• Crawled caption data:

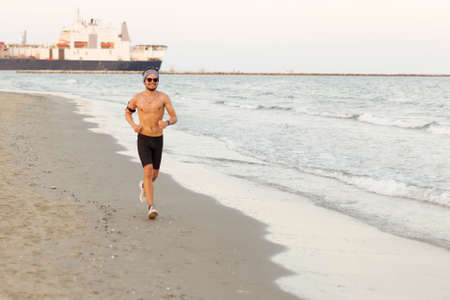 Runner training outside working at the beach. Fit young male sport fitness model exercising in full body in summer.の写真素材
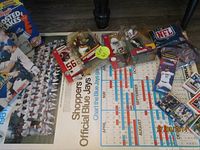 Photo showing the 1981 Toronto Blue Jays calendar, two MacFarlane NFL football figures, assorted cards, and NFL scarf, all arranged on a table.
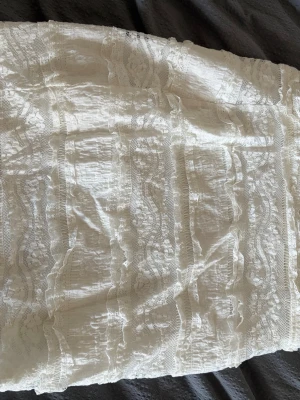 Vit spetskjol med volangdetaljer - Säljer en romantisk vit kjol med spets och volangdetaljer. Kjolen har ett vackert mönster av spets i vertikala ränder och är perfekt för dig som gillar en feminin och bohemisk stil. Passar till både sneakers och sandaler. Köpt second hand så inte använd av mig! Storlek S
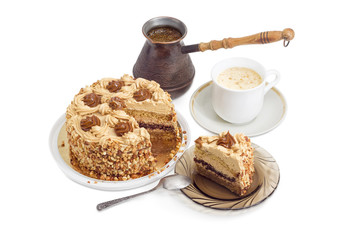 Partly sliced sponge cake, coffee in cup and coffee pot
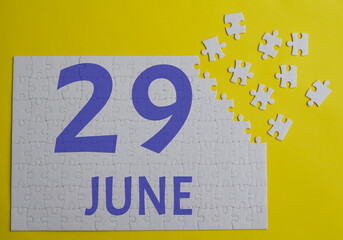 29 june calendar date on a white puzzle with separate details. Puzzle on a yellow background with a blue inscription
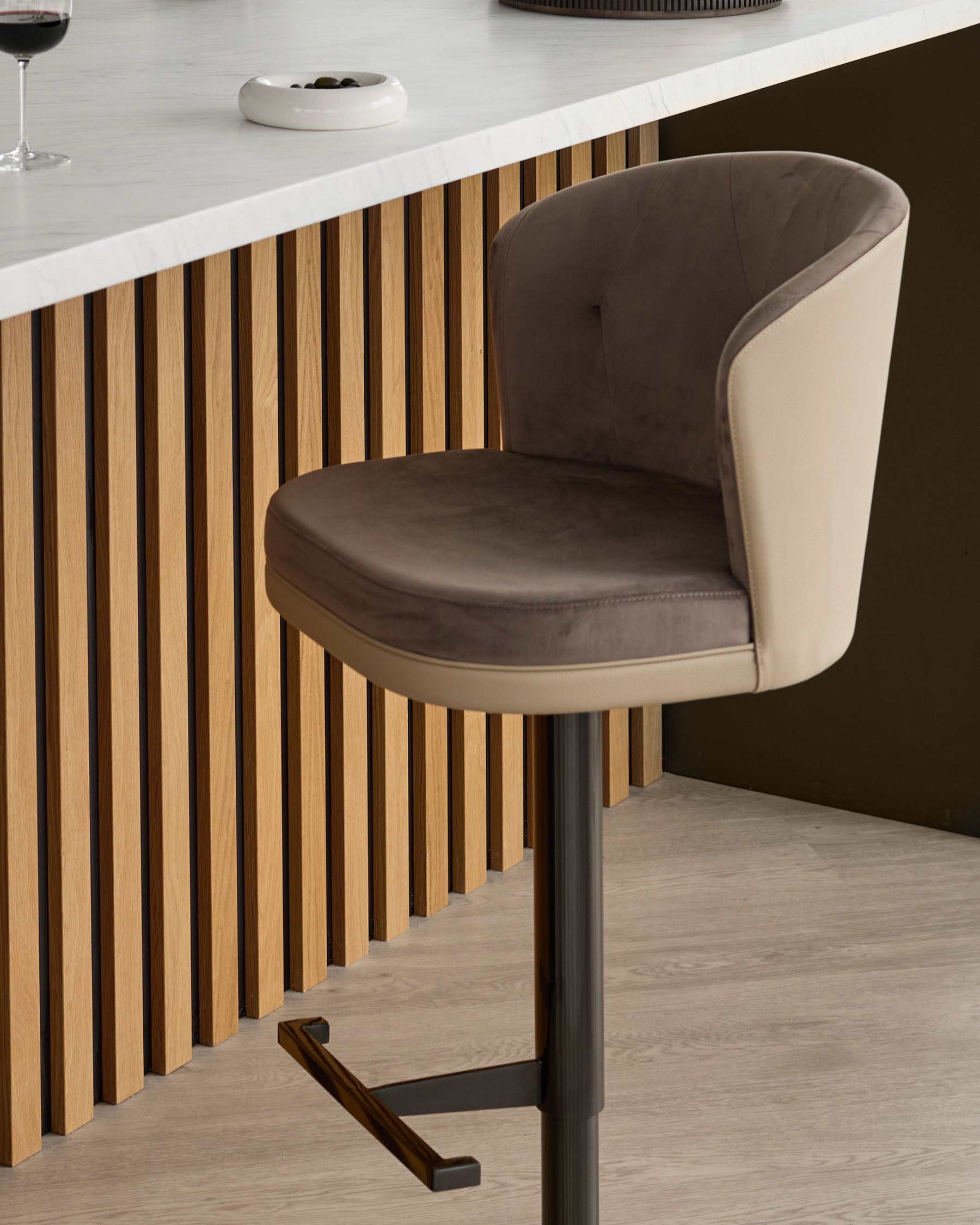 Elodie gas lift bar stool in mocha velvet and natural faux leather, shown at a kitchen counter with vertical wood paneling.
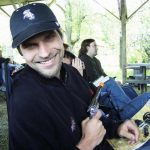MJD in a White Sox hat grins at the camera with a cap gun and silver star in hand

• WHAT IS REQUIRED: Return each record exactly as given, excluding any image.

• RESPONSE:
 Runner training outside working at the beach. Fit young male sport fitness model exercising in full body in summer.の写真素材
 Photo showing the 1981 Toronto Blue Jays calendar, two MacFarlane NFL football figures, assorted cards, and NFL scarf, all arranged on a table.
 Vit spetskjol med volangdetaljer - Säljer en romantisk vit kjol med spets och volangdetaljer. Kjolen har ett vackert mönster av spets i vertikala ränder och är perfekt för dig som gillar en feminin och bohemisk stil. Passar till både sneakers och sandaler. Köpt second hand så inte använd av mig! Storlek S
 Partly sliced sponge cake, coffee in cup and coffee pot
 29 june calendar date on a white puzzle with separate details. Puzzle on a yellow background with a blue inscription
 Elodie gas lift bar stool in mocha velvet and natural faux leather, shown at a kitchen counter with vertical wood paneling.
MJD in a White Sox hat grins at the camera with a cap gun and silver star in hand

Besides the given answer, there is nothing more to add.